Methods Documentation

cli(*args: Any, write_summary: bool = True, copy_to_landscape: bool = False, hooks: list[Callable[[Configuration, MappingPack], None]] | None = None) → None[source]: Get and run a command line interface for this configuration.

ensure_zenodo(key: str, *, metadata: zenodo_client.Metadata | None = None, processed: bool = True, **kwargs: Any) → requests.Response[source]: Ensure a zenodo record.

classmethod from_prefixes(*, key: str, name: str, prefixes: Iterable[str], include_biomappings: bool = True, include_gilda: bool = True, directory: Path) → Self[source]: Get a configuration from ontology prefixes.

get_cli(*, write_summary: bool = True, copy_to_landscape: bool = False, hooks: list[Callable[[Configuration, MappingPack], None]] | None = None) → Command[source]: Get a command line interface for this configuration.

get_hydrated_subsets(*, show_progress: bool = True) → Mapping[str, list[NormalizedNamableReference]][source]: Get the full subset filter lists based on the parent configuration.

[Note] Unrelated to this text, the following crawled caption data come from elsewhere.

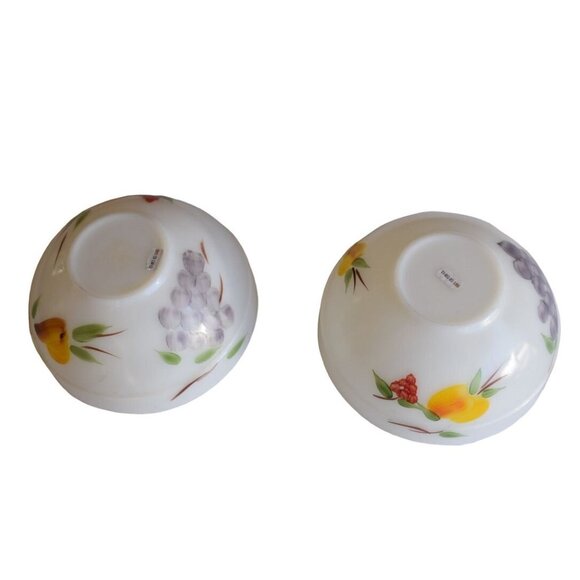 2 Vintage Fire King Ware Gay Fad Oven Safe Bowls Milk Glass TV Prop "This is Us" - Picture 3 of 9
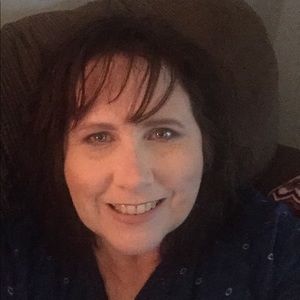 Meet your Posher, Angie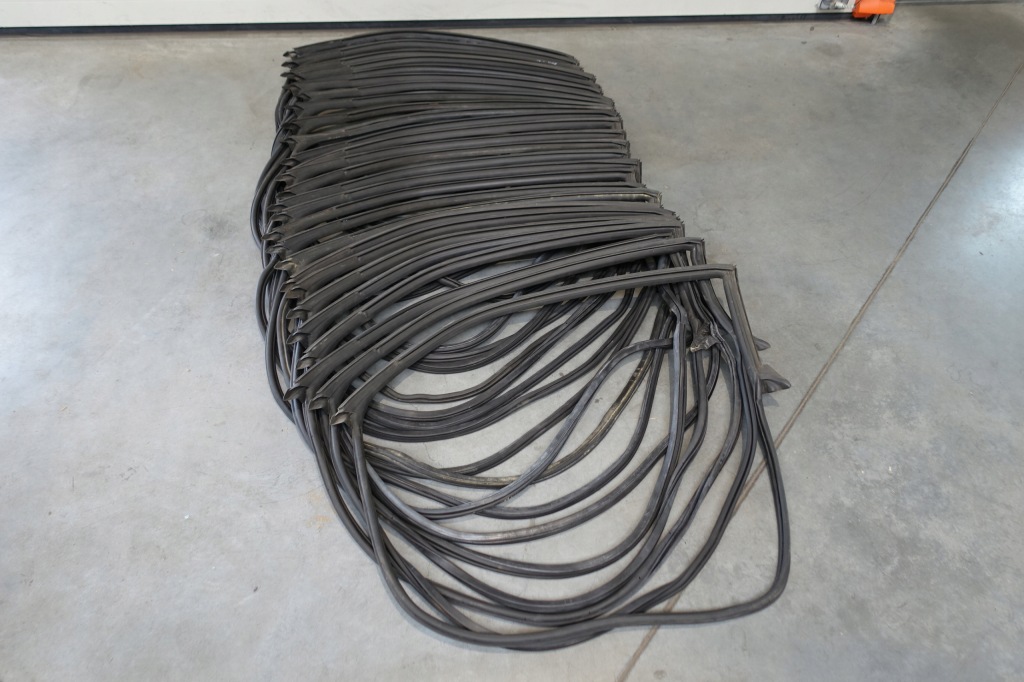 фото №1, Vw beetle 5c прокладка кузовная дверь левая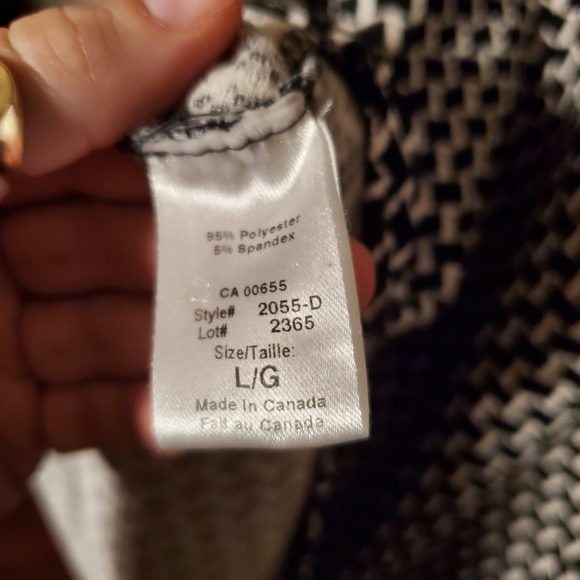 Black and white short sleeve skater dress - Picture 5 of 6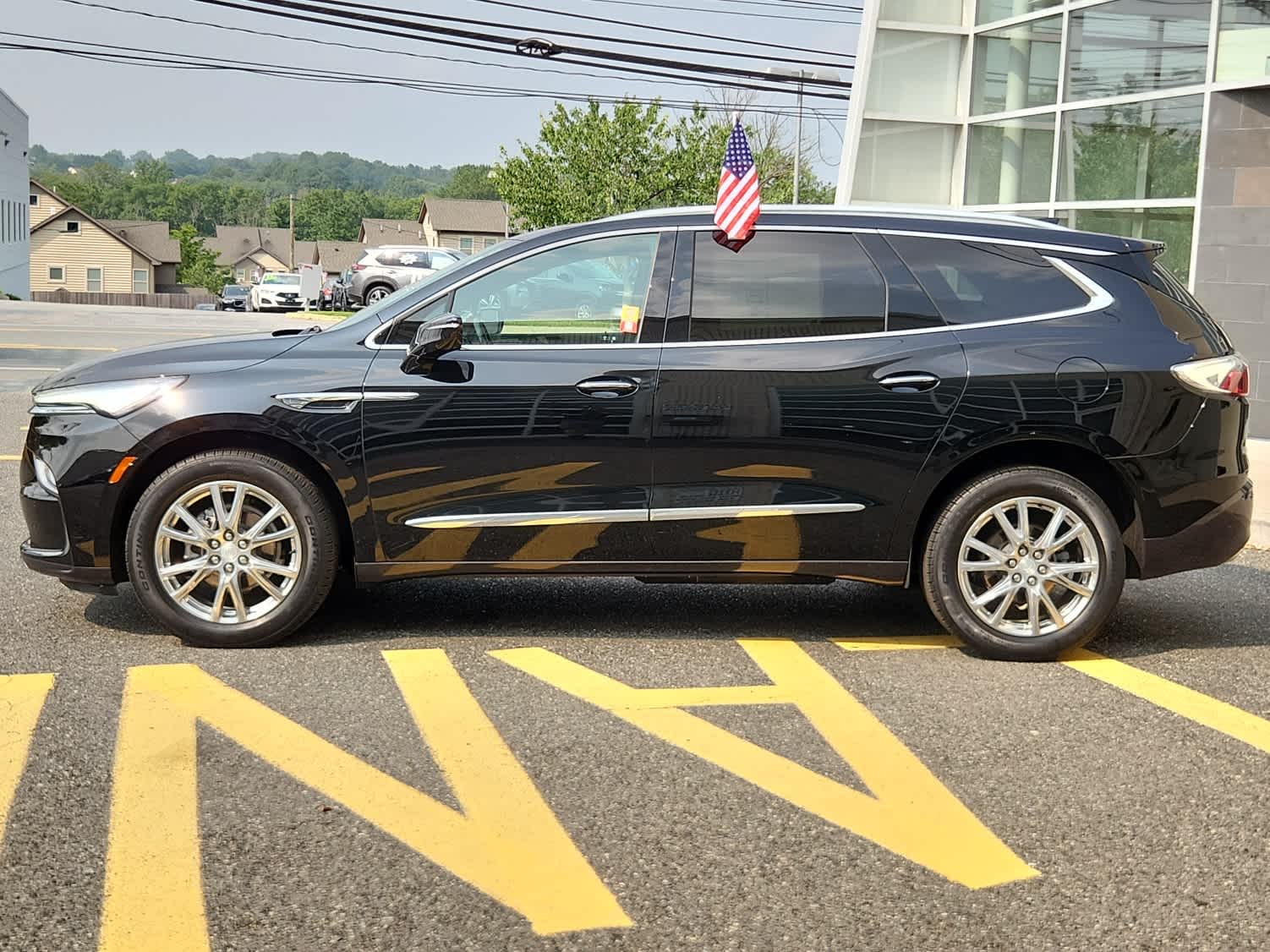 2022 Buick Enclave Essence photo 3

get_mappings(*, refresh_raw: bool = False, refresh_processed: bool = False, refresh_source: bool = False, return_type: Literal[AssembleReturnType.none] = AssembleReturnType.none) → None[source]
get_mappings(*, refresh_raw: bool = False, refresh_processed: bool = False, refresh_source: bool = False, return_type: Literal[AssembleReturnType.all] = AssembleReturnType.all) → MappingPack
get_mappings(*, refresh_raw: bool = False, refresh_processed: bool = False, refresh_source: bool = False, return_type: Literal[AssembleReturnType.priority] = AssembleReturnType.priority) → list[Mapping]: Run assembly based on this configuration, see assemble().

has_priority_path() → bool[source]: Check if the configuration has cached priority mappings.

has_processed_path() → bool[source]: Check if the configuration has cached priority mappings.

has_raw_path() → bool[source]: Check if the configuration has cached raw mappings.

classmethod infer_priority(values: dict[str, Any]) → dict[str, Any][source]: Infer the priority from the input list of not given.

read_priority_mappings(*, show_progress: bool = False) → list[Mapping][source]: Read priority mappings from pickle, if already cached.

read_processed_mappings(*, show_progress: bool = False) → list[Mapping][source]: Read processed mappings from pickle, if already cached.

read_raw_mappings(*, show_progress: bool = False) → list[Mapping][source]: Read raw mappings from pickle, if already cached.

upload_zenodo(processed: bool = True, **kwargs: Any) → Response[source]: Upload a Zenodo record.

zenodo_url() → str | None[source]: Get the zenodo URL, if available.